For 2), yes, the initialization must be done for all layers. This is required for Symmetry Breaking. The question of whether there is any evidence that you might want to consider using a different initialization method if the activation functions are different is an interesting one. I don’t remember Prof Ng saying anything about that, but it’s been a while since I watched the lectures. If the lectures are current in your mind, did you notice him bringing up that topic?
In the video lecture, the context is we have a one-layer network, and that layer has only one neuron. So a really simple network.

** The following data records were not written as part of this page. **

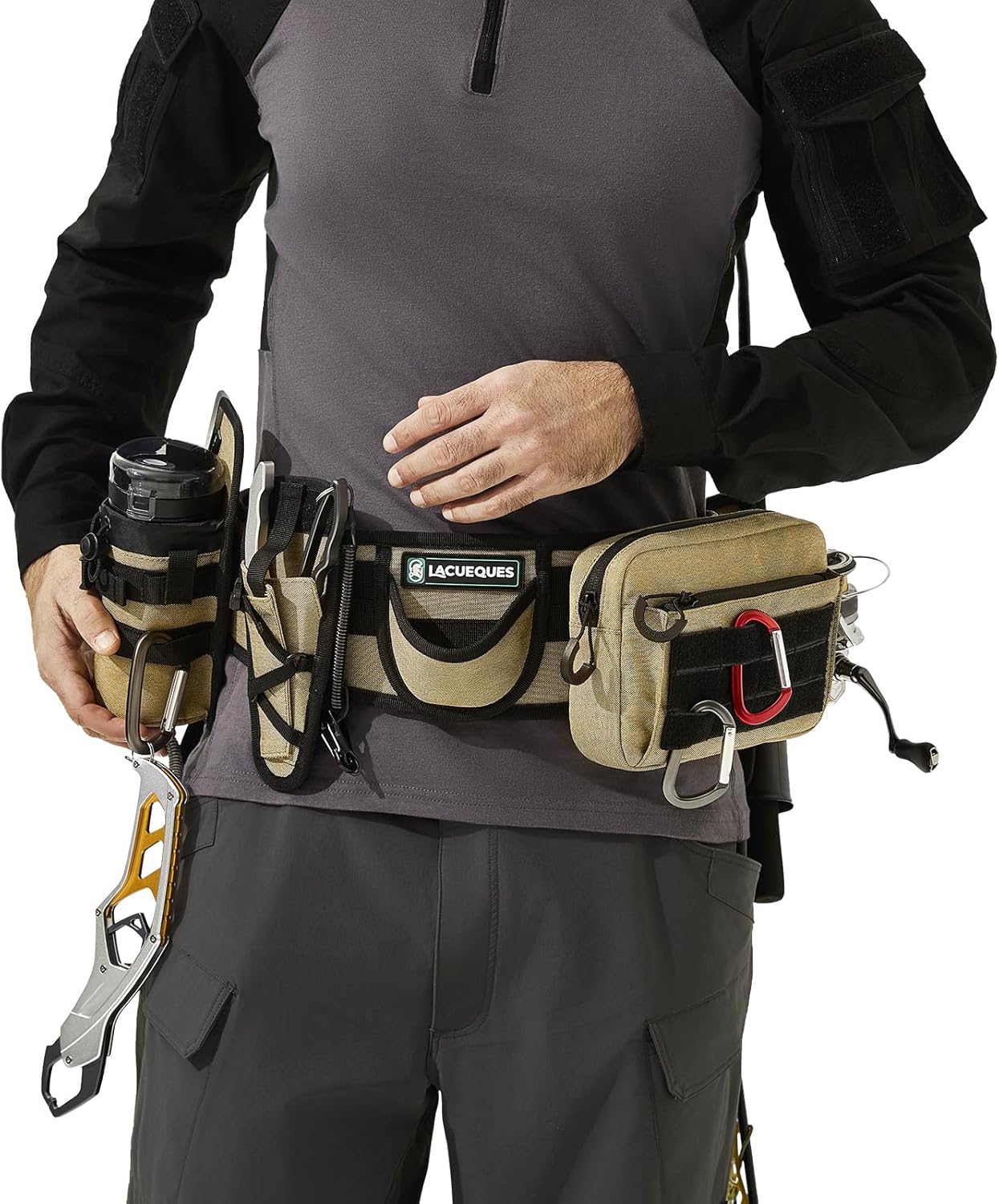 Professional Fishing Belt set Wade Tackle Belt Kit–Detachable Bait/Pliers Pouches, Rod Holder, Insulated Cup Pocket, Multi-Hook Design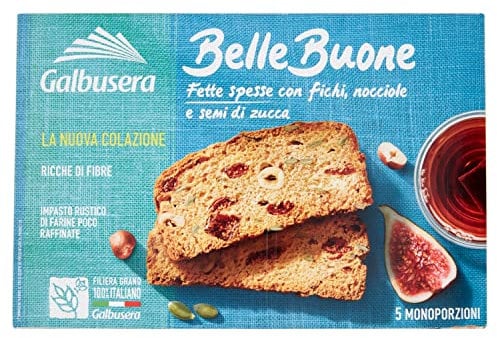 Galbusera Fette Biscottate Colazione Fichi e Nocciole Bellebuone, 200g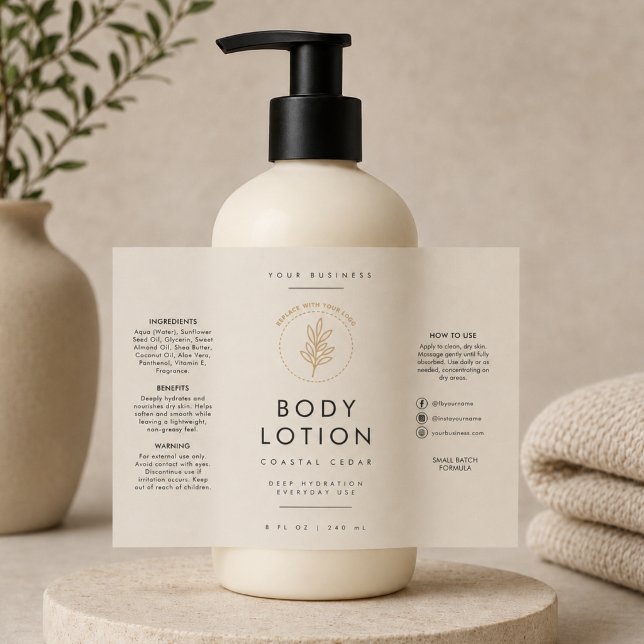 Neutral Body Lotion Logo 8oz Bottle Label (Creator Uploaded)
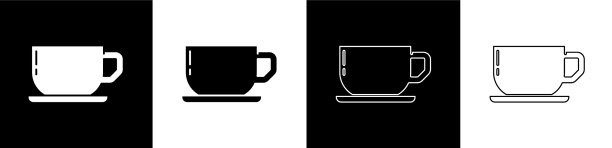 设置咖啡杯图标孤立的黑色和白色图片下载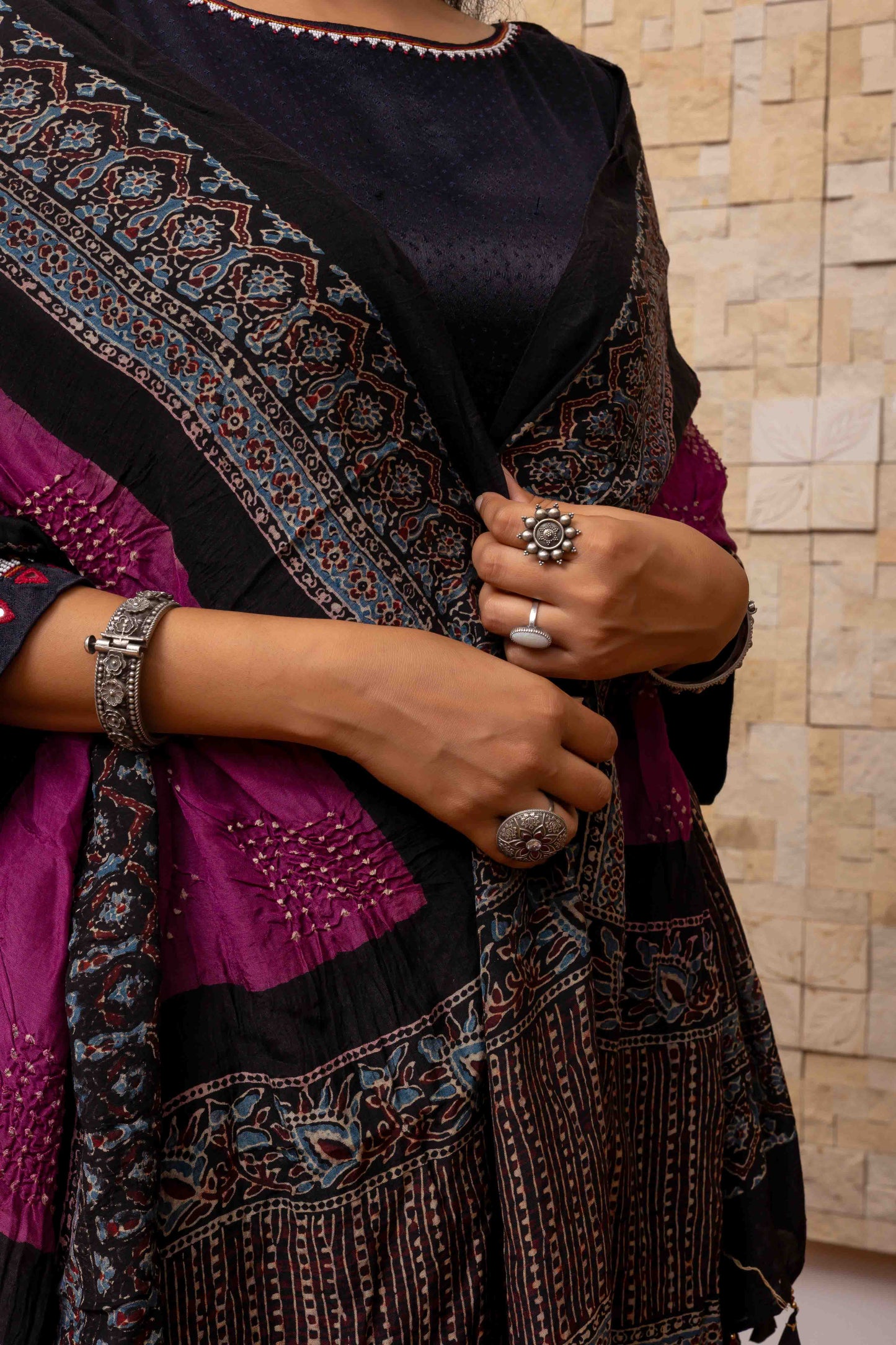 Vibrant Purple Ajrakh Bandhani Dupatta With Tassels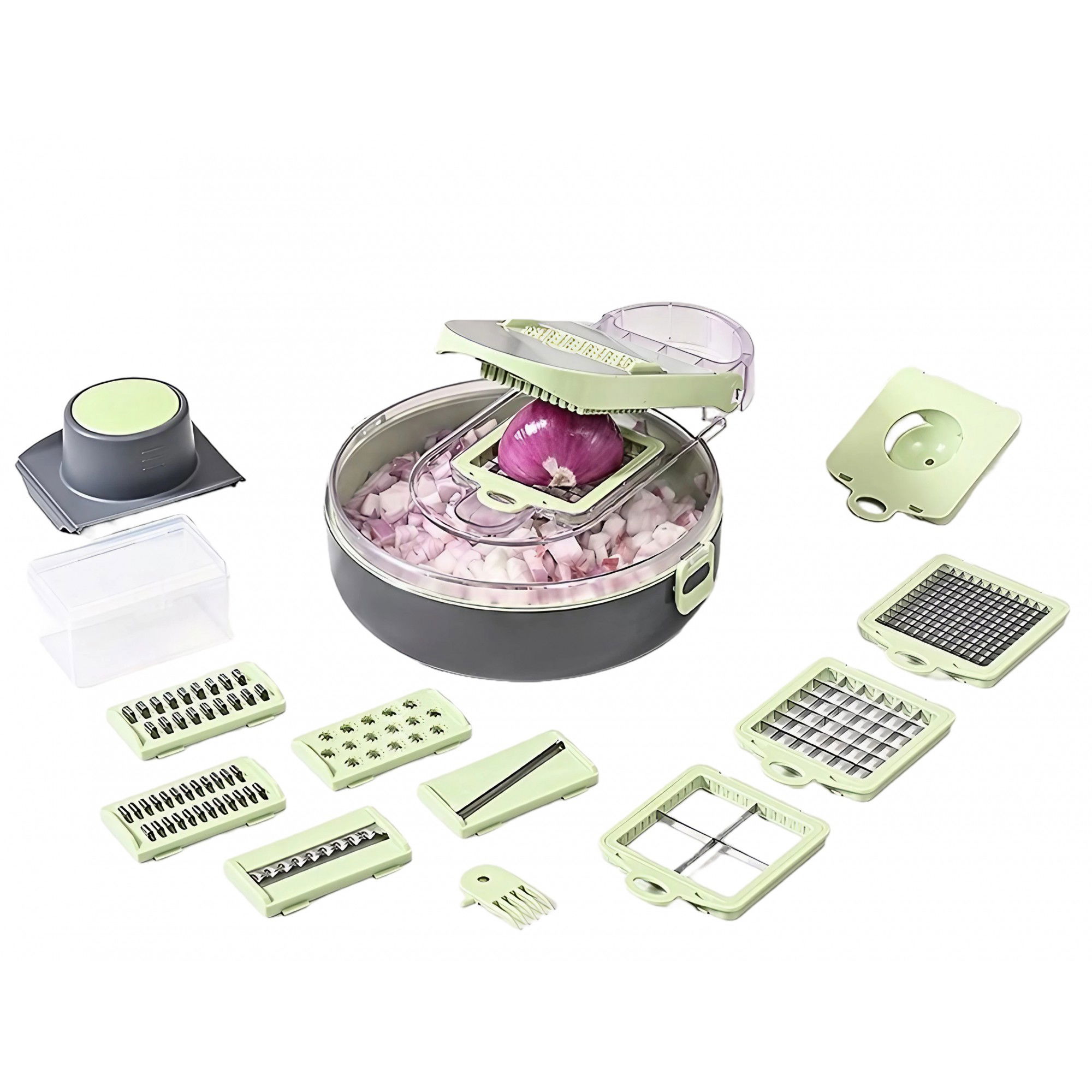 Pentru casa - Feliator Multifunctional, Flippy, Razatoare, 8 in 1, pentru Fructe si Legume, 12 Piese, Lame de Inox, Recipient Stocare, Separator Oua, Protectie Mana, ABS, Gri/Verde, 29.5x9x21.8 cm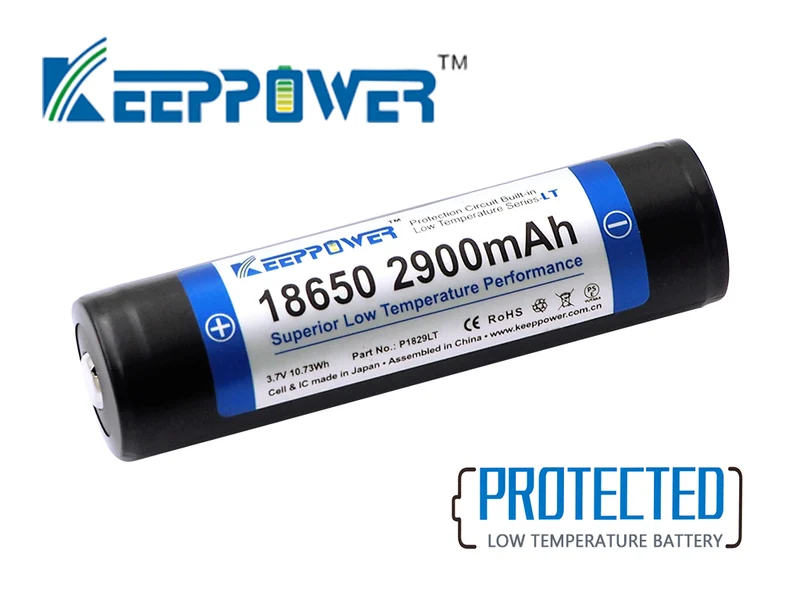 Keeppower 18650 Niedrigtemperatur Li-Ionen 3,6V - 3,7V 2900mAh Akku PCB geschützt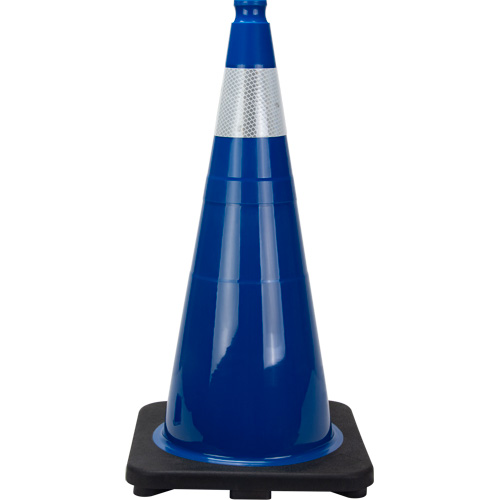 C&ocirc;ne de signalisation de premi&egrave;re qualit&eacute;, 28", Bleu, Bande(s) r&eacute;fl&eacute;chissante(s) 4" Ontario Packaging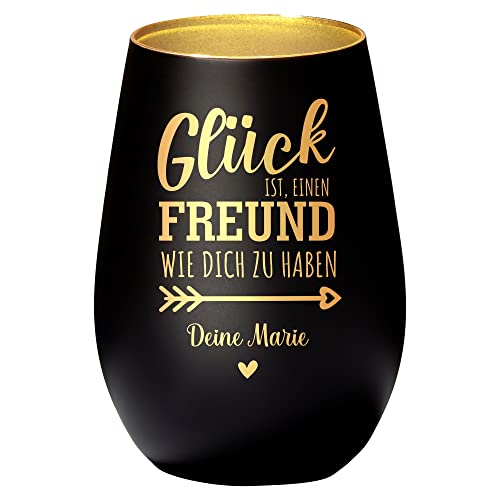 4you Design Windlicht Personalisiert mit Namen Glück ist einen Freund (Metall-Schwarz-Gold), Teelichthalter als Freundegeschenk zum Valentinstag, Spülmaschinengeeignet von 4youDesign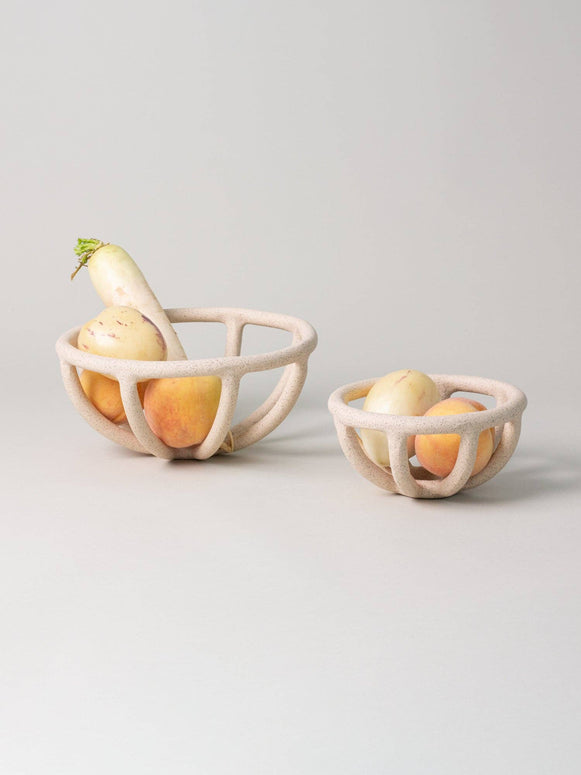 prong fruit bowl - neutral fruit bowl - ceramic fruit bowl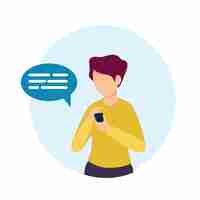 Vector vector flat illustration of young girl with short hair using smartphone for text messaging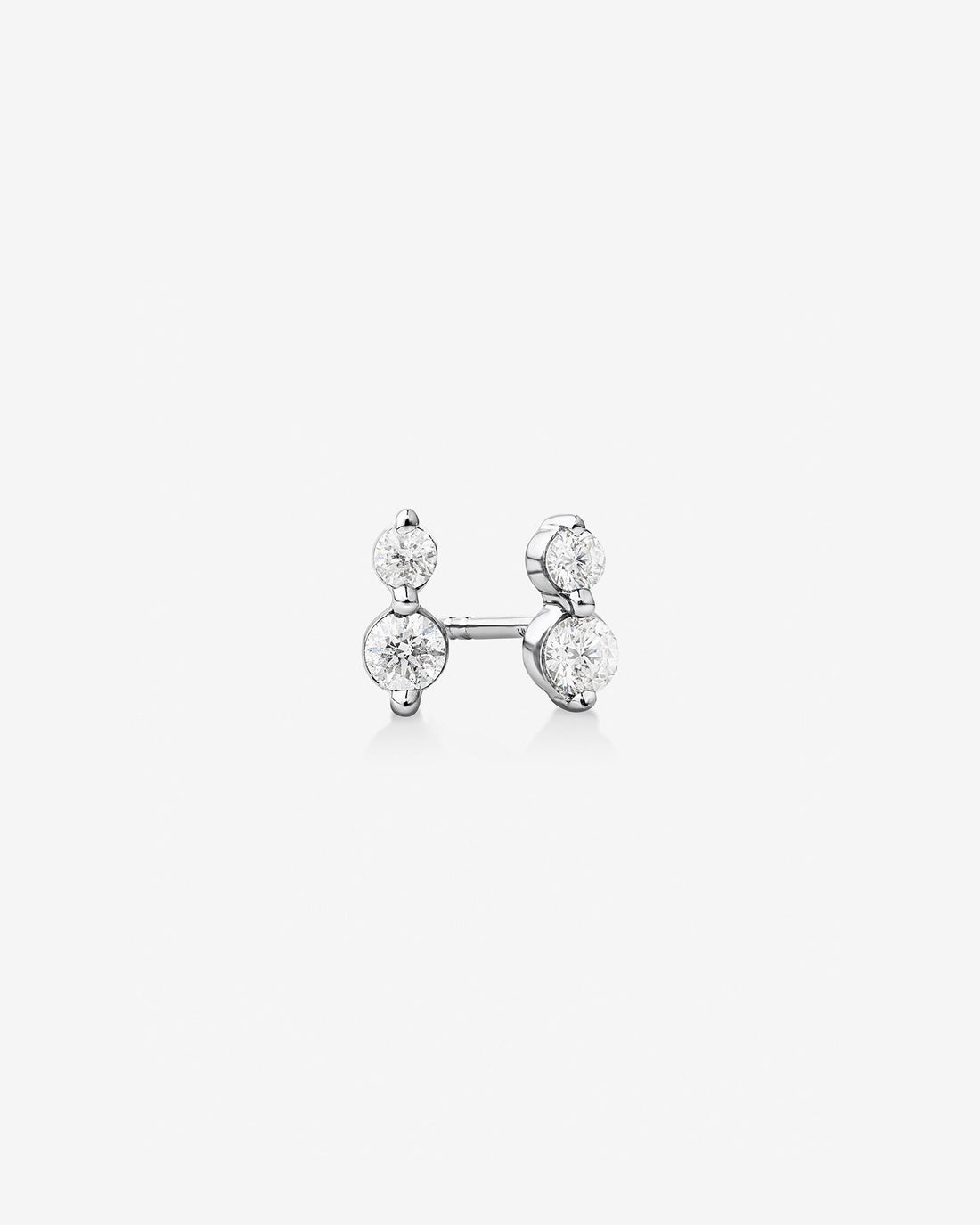 Double Stud Earrings with .28 Carat TW Laboratory-Grown Diamonds in 14kt White Gold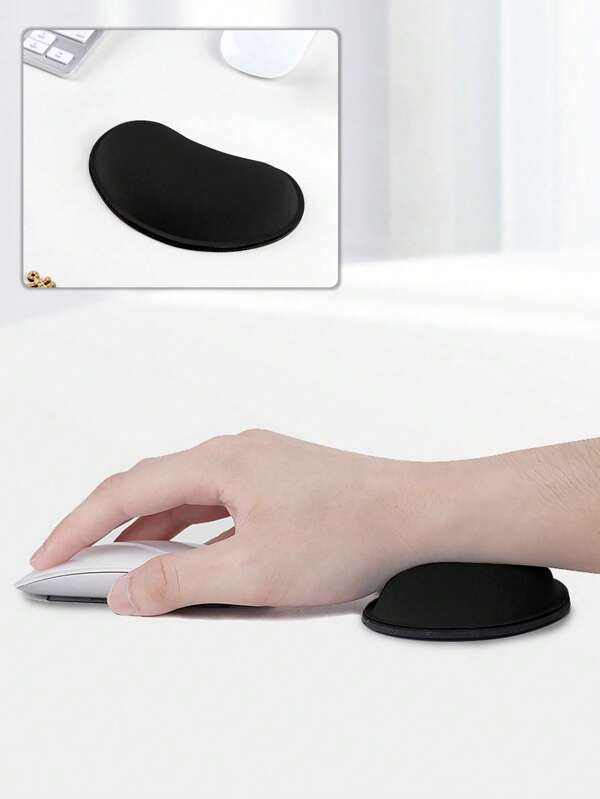 Black rubber long strip keyboard wrist pad plus mouse wrist pad combination office keyboard pad
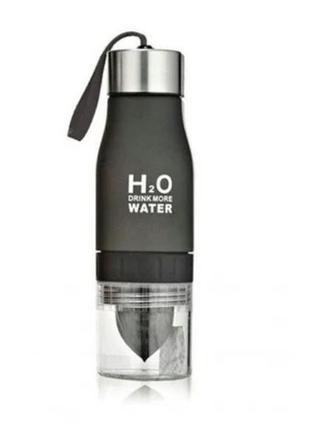 Спортивна пляшка-соковитискач h2o water bottle чорна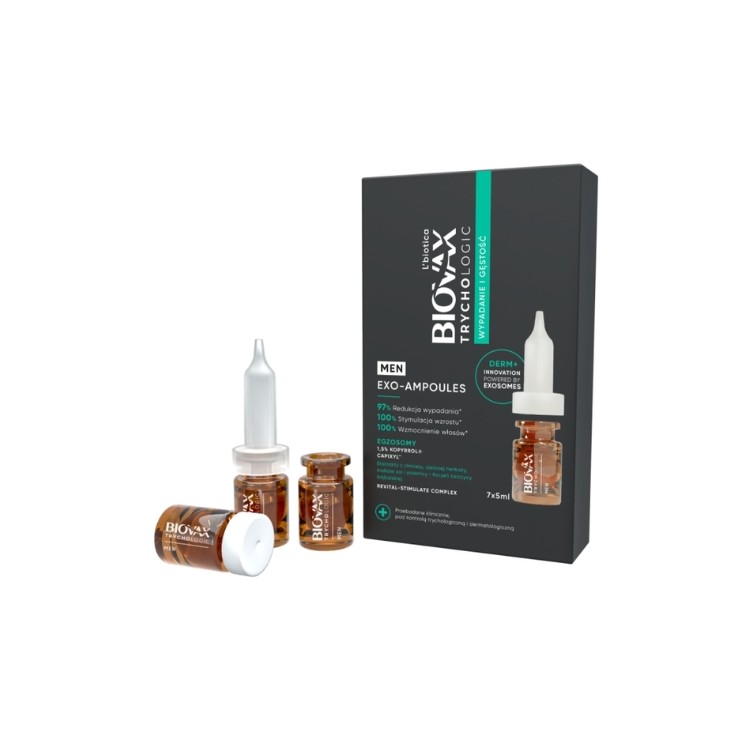 L'biotica BIOVAX Trychologic Exo-Ampoules Hair loss and density Treatment for men 7 x 5 ml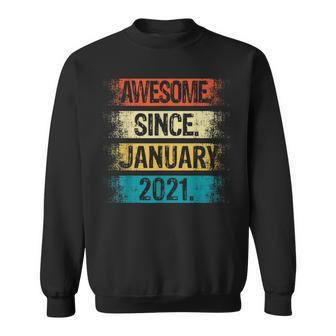 2 Year Old Awesome Since January 2021 2Nd Birthday Gift Sweatshirt - Thegiftio UK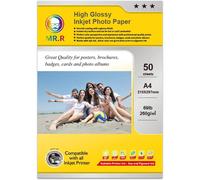 260gsm 50 Sheets A4 Size Inkjet Photo Paper Instant Dry High Gloss White Waterproof Photo Sheets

For 1), it’s actually written as w_i in the lecture video (my apologies for writing “w_i”. I didn’t know how to type w_i). But I guess we would have W^{[l]} if we have a deeper network. Anyways, your answer about \sigma just remind me of why we multiply the matrix by the standard deviation. It’s because standard deviation has the same unit as our data, whereas the units in variance is squared. I don’t know how to explain this clearly but I learned it in statistics.
For 2), well… since the network being discussed has only one layer, Prof Ng only said about the initialization we should use if the activation function is ReLU. He didn’t say anything about what happen if we have more than one layer.
I’m glad to see that you found the information about how to use LaTeX for mathematical expressions. Of course w_i just refers to one element of the weight vector w in the case of logistic regression. W^{[l]} refers to the entire weight matrix for layer l of a multilayer network.
The initialization applies at all layers in a multi-layer network. In all the examples I’ve seen Prof Ng discuss, he uses the same technique at all layers. But the point is that there are different methods of initialization and there is no guarantee that any given method will give good results on any particular problem. So the choice of initialization method is yet another “hyperparameter”, meaning a decision that you need to make as the system designer and then verify whether you have made a good choice or not. This is one of the major themes of Week 1 of Course 2.